Nov 17, 2016 21:54
Marc Campbell has a fantastic post over at Dangerous Minds talking about the vitality of the late 1970s/early 1980s music scene in New York City, an era of remarkable popularity and productivity.
Whether playing CBGB or not I probably spent most nights in 77/78 either there or at Max’s. It was the last great era of rock and roll as far as I’m concerned. We’ll be talking about The Ramones, Talking Heads and Patti Smith long after grunge bands like Alice In Chains and Soundgarden are long forgotten (if they’re not already). As far as music of this new century goes, I’m not sure much of it will be remembered 20 years from now. I’m not hearing anything that really blows me away. I wish I did. Maybe it’s me. Maybe I’m just an old fuck living in the past. But that past, particularly the glorious whole of the New York Club scene of the 70s and early 80s, was pretty fucking wonderful. Seen from a passing satellite I can imagine Manhattan, Brooklyn and The Bronx looking like a giant throbbing meatpit glimmering with copious amounts of sweat and dripping with… (use your imagination).
Punk, rap, disco and Latin music were drifting in and out of each other and the barriers separating uptown from downtown were being shattered. Blondie, B-52s and DEVO were being played at Studio 54 and bands like Liquid Liquid, Bush Tetras and Konk were taking disco’s four-on-the-floor beat and putting some angsty urban edge into the mix. The bottom line is people were dancing everywhere, even in clubs where people had been too cool to get crazy. Leaning on the bar and striking hipster poses looked pretty square when hundreds of people were going mad on the dance floor to The Gun Club’s invocation to “explode to the call… move, move, sex beat, go…!”
My own circuit included Danceteria, Peppermint Lounge, Mudd Club, Club 57 and Hurrah’s where new wave, post-punk and ska bands played regularly and deejays like Mark Kamins, Anita Sarko and Dany Johnson kept the crowds in perpetual motion.The segue from live bands to vinyl was an art that was being mastered as the scene unfolded and the best deejays were being born on the spot.

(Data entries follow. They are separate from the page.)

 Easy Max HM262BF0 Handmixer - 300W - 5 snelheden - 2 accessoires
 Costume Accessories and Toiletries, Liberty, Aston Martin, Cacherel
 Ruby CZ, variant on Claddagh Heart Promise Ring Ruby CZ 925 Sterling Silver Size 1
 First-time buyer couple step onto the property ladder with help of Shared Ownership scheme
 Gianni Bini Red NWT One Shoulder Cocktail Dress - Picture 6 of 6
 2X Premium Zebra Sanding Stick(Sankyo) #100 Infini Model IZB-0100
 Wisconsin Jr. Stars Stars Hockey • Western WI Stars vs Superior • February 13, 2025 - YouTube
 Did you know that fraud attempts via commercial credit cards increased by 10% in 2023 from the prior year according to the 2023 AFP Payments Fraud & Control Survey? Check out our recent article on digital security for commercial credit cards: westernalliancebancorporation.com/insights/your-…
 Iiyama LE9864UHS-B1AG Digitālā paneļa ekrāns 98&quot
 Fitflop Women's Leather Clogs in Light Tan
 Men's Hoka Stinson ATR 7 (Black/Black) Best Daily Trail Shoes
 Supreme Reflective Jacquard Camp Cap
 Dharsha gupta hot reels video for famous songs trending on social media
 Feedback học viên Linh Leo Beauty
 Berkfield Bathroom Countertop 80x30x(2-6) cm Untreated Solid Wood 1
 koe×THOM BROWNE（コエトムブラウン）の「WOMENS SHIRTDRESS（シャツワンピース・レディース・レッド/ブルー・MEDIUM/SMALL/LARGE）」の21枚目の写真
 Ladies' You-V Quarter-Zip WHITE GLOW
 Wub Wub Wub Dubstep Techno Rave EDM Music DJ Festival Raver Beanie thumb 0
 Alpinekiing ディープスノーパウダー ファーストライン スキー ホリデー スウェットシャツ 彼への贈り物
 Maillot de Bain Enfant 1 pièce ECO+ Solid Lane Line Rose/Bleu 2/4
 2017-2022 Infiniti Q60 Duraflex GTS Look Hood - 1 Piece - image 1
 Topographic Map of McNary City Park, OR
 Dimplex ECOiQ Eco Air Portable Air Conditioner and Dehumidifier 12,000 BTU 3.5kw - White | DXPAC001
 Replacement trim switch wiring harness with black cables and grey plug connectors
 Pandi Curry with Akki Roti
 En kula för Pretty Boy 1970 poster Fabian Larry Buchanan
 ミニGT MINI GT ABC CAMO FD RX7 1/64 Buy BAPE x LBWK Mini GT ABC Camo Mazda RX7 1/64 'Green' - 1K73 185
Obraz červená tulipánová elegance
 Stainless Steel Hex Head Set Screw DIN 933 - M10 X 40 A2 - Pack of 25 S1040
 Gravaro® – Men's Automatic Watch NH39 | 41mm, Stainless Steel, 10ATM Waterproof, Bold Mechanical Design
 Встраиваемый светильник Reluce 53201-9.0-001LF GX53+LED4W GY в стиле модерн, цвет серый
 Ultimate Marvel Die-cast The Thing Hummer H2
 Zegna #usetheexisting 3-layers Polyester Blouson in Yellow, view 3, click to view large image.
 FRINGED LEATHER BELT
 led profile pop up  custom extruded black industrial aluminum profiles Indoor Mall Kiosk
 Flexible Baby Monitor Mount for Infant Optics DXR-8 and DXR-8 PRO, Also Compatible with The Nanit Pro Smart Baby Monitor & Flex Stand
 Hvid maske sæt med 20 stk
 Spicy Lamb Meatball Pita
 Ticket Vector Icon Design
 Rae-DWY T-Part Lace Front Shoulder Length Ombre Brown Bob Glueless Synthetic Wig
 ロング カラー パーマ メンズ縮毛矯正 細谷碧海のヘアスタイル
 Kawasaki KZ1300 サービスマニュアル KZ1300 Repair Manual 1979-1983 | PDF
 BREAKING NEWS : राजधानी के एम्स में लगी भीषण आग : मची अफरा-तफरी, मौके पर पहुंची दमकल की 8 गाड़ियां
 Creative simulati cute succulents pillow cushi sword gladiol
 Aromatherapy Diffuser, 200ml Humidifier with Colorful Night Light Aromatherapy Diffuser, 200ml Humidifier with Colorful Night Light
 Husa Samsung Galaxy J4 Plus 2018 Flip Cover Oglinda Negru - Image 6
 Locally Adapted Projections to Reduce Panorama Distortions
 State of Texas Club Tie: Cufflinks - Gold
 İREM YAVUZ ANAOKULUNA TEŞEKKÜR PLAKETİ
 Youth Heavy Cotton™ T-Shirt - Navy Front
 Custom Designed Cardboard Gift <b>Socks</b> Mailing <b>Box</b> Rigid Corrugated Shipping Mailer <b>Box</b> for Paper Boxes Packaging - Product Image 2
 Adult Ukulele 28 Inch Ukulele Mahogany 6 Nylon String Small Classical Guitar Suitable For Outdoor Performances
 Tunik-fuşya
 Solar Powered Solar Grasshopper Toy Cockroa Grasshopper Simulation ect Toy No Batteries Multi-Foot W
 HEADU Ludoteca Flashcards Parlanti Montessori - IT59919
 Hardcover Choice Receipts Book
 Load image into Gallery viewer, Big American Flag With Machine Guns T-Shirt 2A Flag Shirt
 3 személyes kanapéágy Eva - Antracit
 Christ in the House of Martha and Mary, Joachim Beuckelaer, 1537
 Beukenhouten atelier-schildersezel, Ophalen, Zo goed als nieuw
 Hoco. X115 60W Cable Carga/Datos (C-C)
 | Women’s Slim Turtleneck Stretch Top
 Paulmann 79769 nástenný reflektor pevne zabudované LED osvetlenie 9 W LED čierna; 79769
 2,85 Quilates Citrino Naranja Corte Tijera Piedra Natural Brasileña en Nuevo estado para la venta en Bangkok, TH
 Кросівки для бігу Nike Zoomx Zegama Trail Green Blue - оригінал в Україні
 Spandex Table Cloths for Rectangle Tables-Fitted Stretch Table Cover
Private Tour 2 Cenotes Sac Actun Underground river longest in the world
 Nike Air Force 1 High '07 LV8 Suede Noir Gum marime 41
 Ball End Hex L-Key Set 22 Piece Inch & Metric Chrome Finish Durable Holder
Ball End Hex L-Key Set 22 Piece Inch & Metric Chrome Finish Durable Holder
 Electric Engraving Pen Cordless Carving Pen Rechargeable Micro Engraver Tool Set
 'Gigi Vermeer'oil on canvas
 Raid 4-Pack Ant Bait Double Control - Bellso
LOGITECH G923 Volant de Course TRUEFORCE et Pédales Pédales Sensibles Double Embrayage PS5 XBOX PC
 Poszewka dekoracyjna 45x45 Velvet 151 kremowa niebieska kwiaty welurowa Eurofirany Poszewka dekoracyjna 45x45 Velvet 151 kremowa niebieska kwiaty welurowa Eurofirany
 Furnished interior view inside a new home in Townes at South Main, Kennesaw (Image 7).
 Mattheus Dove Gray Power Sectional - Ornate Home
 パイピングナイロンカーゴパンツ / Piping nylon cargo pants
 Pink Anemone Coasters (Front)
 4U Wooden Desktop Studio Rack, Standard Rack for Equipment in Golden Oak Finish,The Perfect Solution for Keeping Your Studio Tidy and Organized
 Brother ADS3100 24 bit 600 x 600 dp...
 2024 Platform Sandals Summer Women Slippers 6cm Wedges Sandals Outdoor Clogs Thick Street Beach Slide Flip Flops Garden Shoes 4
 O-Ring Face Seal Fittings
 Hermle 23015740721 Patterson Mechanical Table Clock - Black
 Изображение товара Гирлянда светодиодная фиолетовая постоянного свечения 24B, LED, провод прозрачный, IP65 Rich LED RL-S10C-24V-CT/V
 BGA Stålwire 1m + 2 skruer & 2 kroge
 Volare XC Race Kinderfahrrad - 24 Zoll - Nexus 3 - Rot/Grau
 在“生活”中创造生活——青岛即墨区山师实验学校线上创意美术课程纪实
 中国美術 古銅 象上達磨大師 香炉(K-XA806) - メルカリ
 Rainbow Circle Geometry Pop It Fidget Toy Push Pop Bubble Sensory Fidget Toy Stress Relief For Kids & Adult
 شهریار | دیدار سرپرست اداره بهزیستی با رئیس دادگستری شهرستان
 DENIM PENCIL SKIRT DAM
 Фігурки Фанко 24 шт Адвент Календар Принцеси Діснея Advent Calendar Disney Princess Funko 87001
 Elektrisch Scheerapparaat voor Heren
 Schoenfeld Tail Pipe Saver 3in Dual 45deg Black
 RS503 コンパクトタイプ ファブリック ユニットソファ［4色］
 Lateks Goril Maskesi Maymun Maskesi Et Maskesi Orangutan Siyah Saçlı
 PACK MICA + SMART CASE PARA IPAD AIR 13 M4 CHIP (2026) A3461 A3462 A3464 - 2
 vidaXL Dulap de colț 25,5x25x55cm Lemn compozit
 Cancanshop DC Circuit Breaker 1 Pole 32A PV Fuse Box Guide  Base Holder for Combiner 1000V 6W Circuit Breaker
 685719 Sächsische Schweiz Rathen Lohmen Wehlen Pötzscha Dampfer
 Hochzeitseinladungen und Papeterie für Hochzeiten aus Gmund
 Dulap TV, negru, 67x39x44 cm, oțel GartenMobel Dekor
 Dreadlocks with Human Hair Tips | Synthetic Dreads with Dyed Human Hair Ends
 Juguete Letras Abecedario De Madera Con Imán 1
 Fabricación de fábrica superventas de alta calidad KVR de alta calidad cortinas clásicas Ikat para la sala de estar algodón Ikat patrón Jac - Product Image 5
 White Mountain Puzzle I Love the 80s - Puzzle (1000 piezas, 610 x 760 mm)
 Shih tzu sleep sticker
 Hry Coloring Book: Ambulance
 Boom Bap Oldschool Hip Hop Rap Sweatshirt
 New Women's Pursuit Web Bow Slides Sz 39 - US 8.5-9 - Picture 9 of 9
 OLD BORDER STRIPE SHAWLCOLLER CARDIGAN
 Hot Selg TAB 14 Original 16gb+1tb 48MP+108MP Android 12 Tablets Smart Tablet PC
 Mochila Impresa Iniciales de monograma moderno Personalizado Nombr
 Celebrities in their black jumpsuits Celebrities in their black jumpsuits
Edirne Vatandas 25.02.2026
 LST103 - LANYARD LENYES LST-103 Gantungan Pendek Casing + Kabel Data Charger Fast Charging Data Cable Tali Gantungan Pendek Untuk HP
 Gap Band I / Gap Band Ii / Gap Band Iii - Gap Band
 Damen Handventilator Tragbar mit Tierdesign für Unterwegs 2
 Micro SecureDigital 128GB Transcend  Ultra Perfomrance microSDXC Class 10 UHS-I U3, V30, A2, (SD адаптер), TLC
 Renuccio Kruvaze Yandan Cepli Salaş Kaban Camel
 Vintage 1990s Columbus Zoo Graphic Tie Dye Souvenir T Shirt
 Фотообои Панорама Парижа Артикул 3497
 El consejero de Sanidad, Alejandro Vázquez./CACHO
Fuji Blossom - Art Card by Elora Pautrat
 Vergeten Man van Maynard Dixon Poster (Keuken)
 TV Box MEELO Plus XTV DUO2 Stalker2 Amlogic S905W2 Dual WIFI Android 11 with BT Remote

At downtown clubs like The Paradise Garage and The Saint deejays Larry Levan and Alan Dodd spun dance floor filling beats for predominantly gay clienteles who embraced divas Loleatta Holloway, Donna Summer, Grace Jones and Sylvester as well as euro-disco and the very beginnings of house music. These were the test markets for new singles by new artists and the latest dance re-mixes. If a 12-inch extended dance mix worked at The Paradise Garage it would work anywhere. It wasn’t long before rock bands like The Clash and Blondie were hitting the studios to re-work their tracks into dance mixes. No one was listening to radio. We were all too busy nightclubbing.